Using attractors to characterize node activation
As can be seen in Figure 2, once a Boolean network has settled onto an attractor, it will remain there. Thus, it is possible to characterize the activation state of each node in the network by determining the "percent ON" of each node over the entire attractor. For example, there are three attractors (Figure 2) of the network introduced in Figure 1. Looking at the fixed point attractors in Panels A and B in Figure 2, it is obvious that all three nodes are 0% and 100% ON, respectively. However, in Panel C there are different behaviors. On this attractor, node 1 is 0% ON, but nodes 2 and 3 are both 50% ON as they alternate between 0 and 1 at every step in the attractor. Consider another example – a simple hypothetical two-component positive feedback loop in which node A activates node B and vice versa with two different configurations of truth tables for each node (Figure 3A &3B, respectively). In Figure 3A, both nodes are activated when the other node is 1, but deactivated when the regulating node is 0. As shown in Figure 3A, this configuration and activation mechanism results in three attractors (or tristability), that will make both nodes either 0%, 50%, or 100% ON, depending on the initial state of each node. The tristability (in terms of percent ON) is also demonstrated by results from a sample ChemChains simulation experiment shown in the graph in Figure 3A (bottom). The second truth table configuration (Figure 3B) depicts an activation mechanism in which both nodes lack the negative regulatory step (where the inactive state of the regulating node causes the other node go to 0). As shown in Figure 3B, setting up the truth tables this way results in the system moving to one of two attractors, depending on the initial condition (bistability). In terms of percent ON, this configuration results in both nodes being either 0% or 100%ON as shown by results from a ChemChains simulation experiment (Figure 3B). It is also worth noting that bistability (demonstrated in the above example) is an intriguing higher order property of positive feedback regulation found in many real biological networks. The Boolean positive feedback loop in Figure 3B hence makes a nice example of how the bistability phenomenon can be simulated using ChemChains.

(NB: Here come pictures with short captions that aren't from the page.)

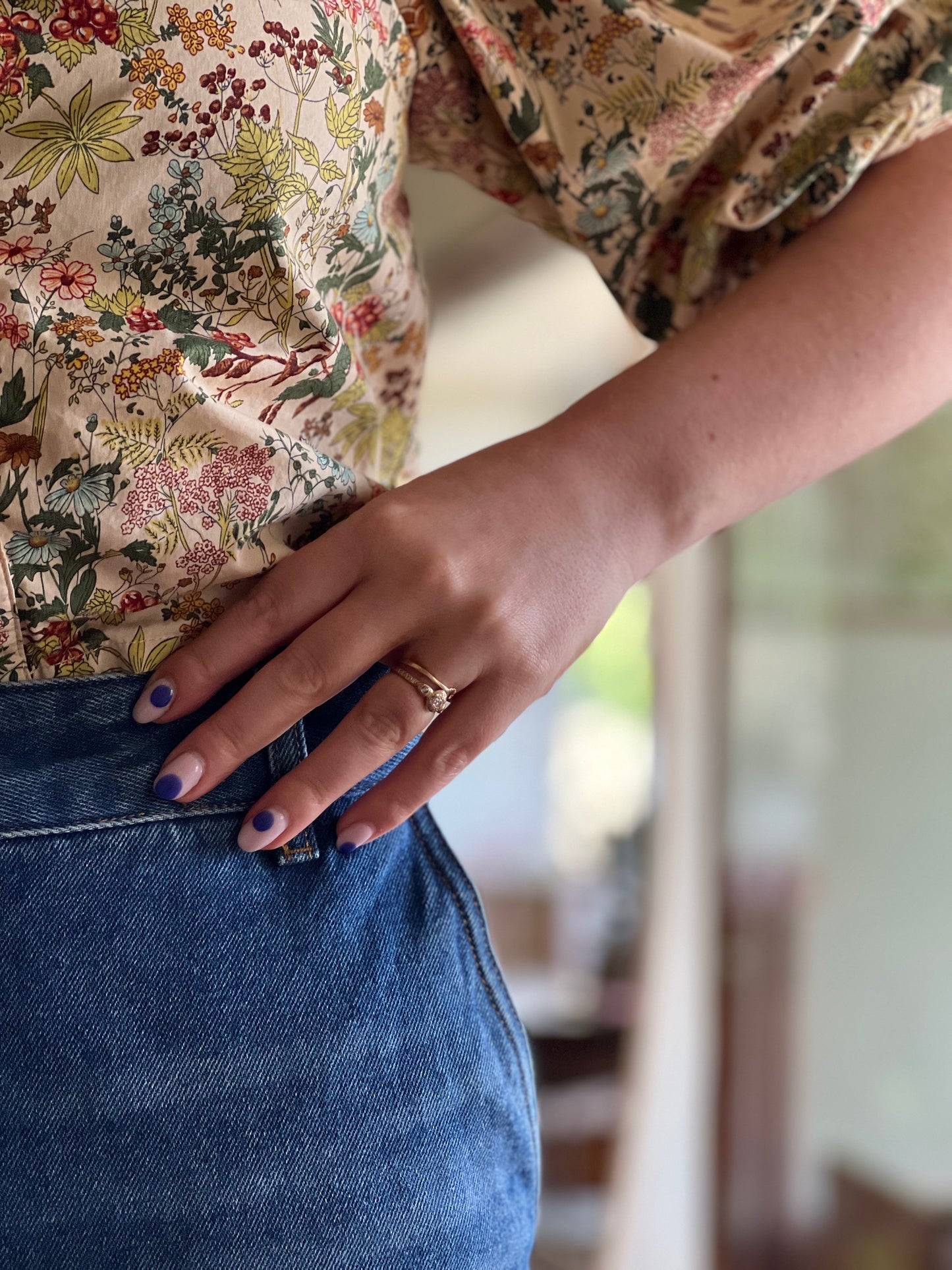 Meadows Floral Prairie Blouse close up on model 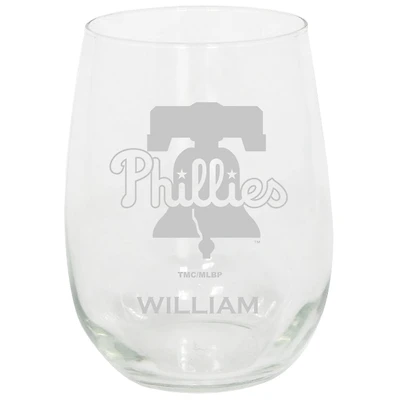 Philadelphia Phillies 15oz. Personalized Stemless Etched Glass Tumbler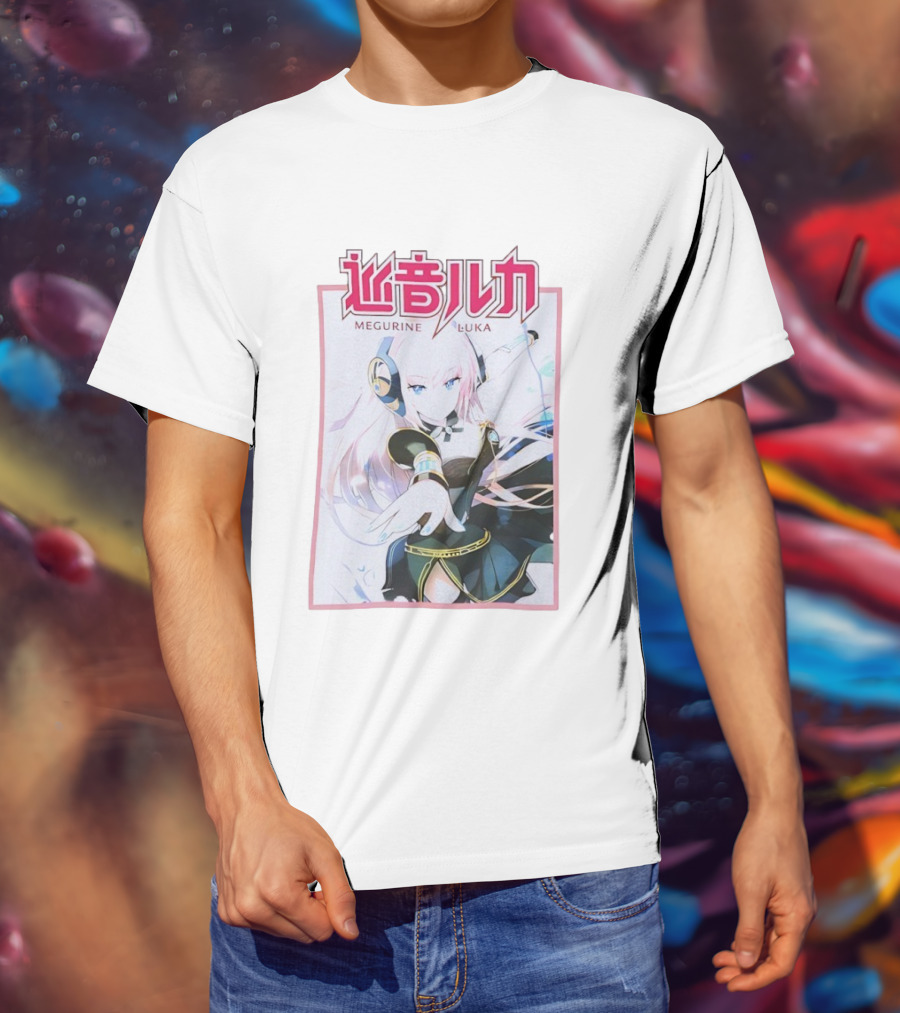 Megurine Luka Anime Vocaloid Headphones And Outfit T-Shirt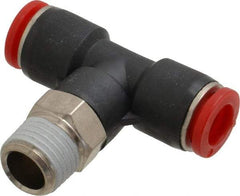 Norgren - 8mm Tube OD, 1/4 BSPT Brass Push-to-Connect Tube Male Swivel Branch Tee - Tube to Male BSPT Connection, 150 Max psi, Nitrile O-Ring, 0 to 175°F Working Temp - Industrial Tool & Supply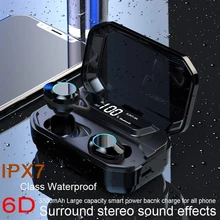 True Wireless Earphone HiFi Sound Quality Waterproof Bluetooth Headphone 3000mAh Charging Case 6D Stero Earbud LED Power Display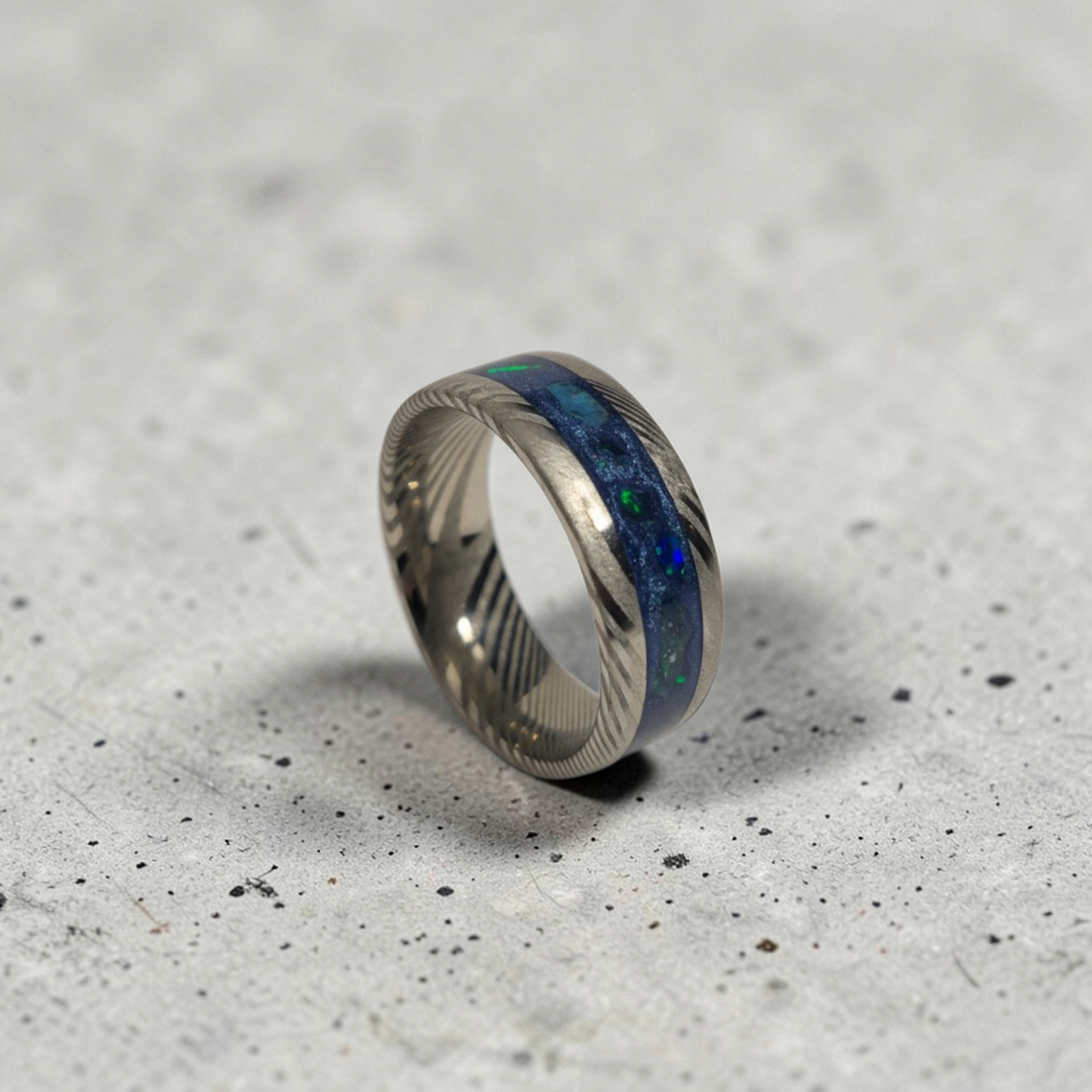 Damascus Steel Ring Apatite, Egyptian Blue Opal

Figure 3. A simple positive feedback loop. Two possible configurations of a positive feedback loop in which node A activates node B and node B activates node A. A) First configuration, in which the truth tables and state transition diagram depict the most trivial activation mechanisms of nodes A and B; each node is simply activated when the other node is 1 and deactivated when the other node is 0. In addition a sample simulation experiment (consisting of 20 simulations with randomly selected initial states) using ChemChains was done to illustrate the connection between the system's three attractors and the percent ON measure of each node (note that the percent ON levels where the same for both nodes, hence one diagram per configuration is shown). B) In the second sample configuration of a two-component positive feedback loop the truth tables depict activation mechanisms of both nodes in which each node is, similarly to the first configuration, activated by the other node, but is not necessarily turned off when the other node is off. As illustrated by the state transition diagram and a ChemChains simulation experiment (also consisting of 20 simulations with randomly selected initial states) in Panel B, this set-up results in two attractors, and thus two possible percentage ON levels (0% and 100% ON) for each node, depending on the initial condition.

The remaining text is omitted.